At this point, according to observers, both statesmen decided—by seemingly unspoken mutual consent—to abandon the gutter patois of the common carnival worker and to resort instead to an eminently more quotable (but, to those not versed in the vagaries of hip-hop idiom, more confusing) exchange of viewpoints.
“Oh, it’s like that?” Mr. Cheney queried.
“Whut? Whut?” Mr. Leahy shot back.
“Once again,” Mr. Cheney replied (quite obviously quoting a lyric from Ice Cube’s 1990 album, “AmeriKKKa’s Most Wanted”), “it’s on.”
As a quick-thinking senatorial aide switched on the Senate’s public-address system and cued up the infamous “Seven Minutes of Funk” break, Mr. Leahy and Mr. Cheney went head-to-head in what can only be described as a “take no prisoners” freestyle rap battle.
Most of the rhymes kicked therein cannot be quoted in a family publication, but observers gave Mr. Cheney credit for his deceptively laid-back flow. Mr. Leahy was applauded for managing to rhyme the phrases “unethical for certain,” “crude oil spurtin’,” and “like Halliburton.”
Despite the fact that both participants brought their A-game and succeeded in dropping mad scientifics, the bout seemed to end in a draw.
Unfortunately, as other senators (along with assorted aides and support-staff members) were casting their votes to decide the winner, using the admittedly subjective but generally accepted “Make some noise up in here!” protocols, Mr. Cheney and Mr. Leahy took the proceedings to what one aide accurately described as “the next level.”
Edward M. Kennedy (D.-Mass.) was the first to notice that the two men were circling each other, Mr. Cheney brandishing a switchblade and Mr. Leahy the jagged neck of a broken bottle.
“Oh, snap!” Mr. Kennedy recalls thinking at the time. “It’s getting kind of hectic up in this piece.”
But before either of the aggrieved public servants could bust a potentially injurious move on his rival, cooler heads prevailed: a veteran Capitol Hill security guard pacified the bloodthirsty white men (Mr.
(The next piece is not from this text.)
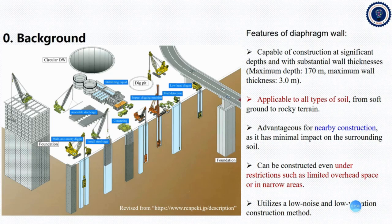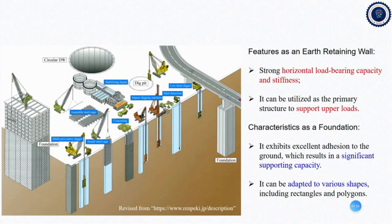It can also be constructed even under some restriction conditions, such as limited overhead space, or in a lateral area. It can also utilize a low-noise and low-vibration construction method. When used as an earth retaining wall, it has strong horizontal load-bearing capacity and stiffness. It can also be utilized as a primary structure to support upper loads. When a diaphragm wall is used as a foundation, it can exhibit excellent adhesion to the ground, which can result in significant supporting capacities. It can also be adapted to various shapes, including rectangles and polygons.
Leahy first, then Mr. Cheney) with a shot from a tranquillizer gun. He then had them returned to their cages in the sub-basement of the Old Executive Office Building, where both men are kept and fed during non-business hours under the watchful eye of a volunteer from Washington’s National Zoo.
(In a related story, an AM talk-radio host in Billings, Montana, who expressed his disappointment with the behavior of Mr. Cheney and Mr. Leahy—on the air, he asked his listeners, “Do we taxpayers really have time for this kind of crap?”—was fined five hundred thousand dollars for violating the F.C.C.’s recent, Senate-approved guidelines prohibiting explicit references to human excrement.)